Krisis Kebanggaan

Banyak orang yang mencari kesenangan dengan memenangkan sebuah turnamen. Turnamen, betapapun kecilnya, menjadi ajang pembuktian diri sekaligus penegasan pada dunia bahwa sang diri masih ada. Sang diri layak dipandang dan diperhitungkan. Dan tidak ada yang lebih meneyenangkan dari pada kenyataan bahwa diri bermakna, berhak diperhitungkan, berhak dicap sebagai orang sesungguhnya.
Mungkin karena itu, seorang teman ada yang sangat antusias untuk memenangkan liga waktu PeEs-an. Dia sangat berhasrat dan akan melakukan segala cara untuk meraih kemenangan. Dan tidak hanya itu, ekspresi saat meraih kemenangan, perang mulut dan pernyataan-pernyataan pedas saat pertandingan berjalan, tidak jarang dilontarkan tanpa segan. Entah apa maksudnya. Barangkali, kemenangan saja tidak cukup, tapi juga lawan harus merasa rendah, merasa tak berguna dan mengakui bahwa dirinya kalah dalam segala hal, dalam skil dan tehnik, dalam pengalaman dan jam terbang.

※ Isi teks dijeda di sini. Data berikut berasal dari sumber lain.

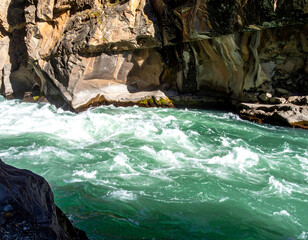 Turquoise river rushes through a rocky canyon. Perfect for adventure, nature or outdoors themes.  Evokes power, energy, and the untamed wilderness.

 (gambar: www.suropeji.web.id)

Kalau saya hanya menemukan orang semacam ini satu dua saja di sekitar saya, saya bisa maklum. Kalau saya hanya menemukan orang semacam ini di satu lingkungan saja yang yang pernah saya tinggali, saya bisa paham. Saya akan menganggapnya sebagai akibat dari laku tidak senonoh orang tersebut terhadap dirinya. Akan tetapi, saya melihat orang-orang semacam ini ada banyak, hampir di semua orang yang saya temukan—tidak mustahil saya termasuk, hampir di setiap lingkungan di mana saya pernah terlibat di dalamnya. Artinya, tidak mengada-ada jika saya mengatakan bahwa sikap demikian telah menjadi gejala kolektif. Gejala yang menghinggapi masyarakat umum, tanpa melihat di mana masyarakat itu berada, tak berkaitan dengan ruang lingkup geografis, tradisi dan historisnya.
(gambar: acehdesain.wordpres.com)

Bila demikian, saya tidak tahu apa penyebabnya. Bila hal itu terjadi pada seorang dua orang individu saja—sebagaimana tadi sudah dikatakan, saya akan menyebutnya sebagai akibat dari perilaku tidak senonoh terhadap diri. Artinya, diri terkait telah gagal memperlakukan dirinya, potensinya, hingga diri tidak mampu mencari kebanggaan lewat jalan yang normal dan konvensional. Kebanggaan menjadi pemain terbaik dalam sebuah ajang sepak bola sungguhan, tingkat kabupaten saja sudah cukup, layak disebut kebanggaan. Kebanggan menjadi seorang yang mampu membuat karya seni yang bagus, yang kualitasnya diakui banyak orang, juga layak disebut kebanggaan, dan banyak kebanggaan lain yang pantas disebut kebanggaan.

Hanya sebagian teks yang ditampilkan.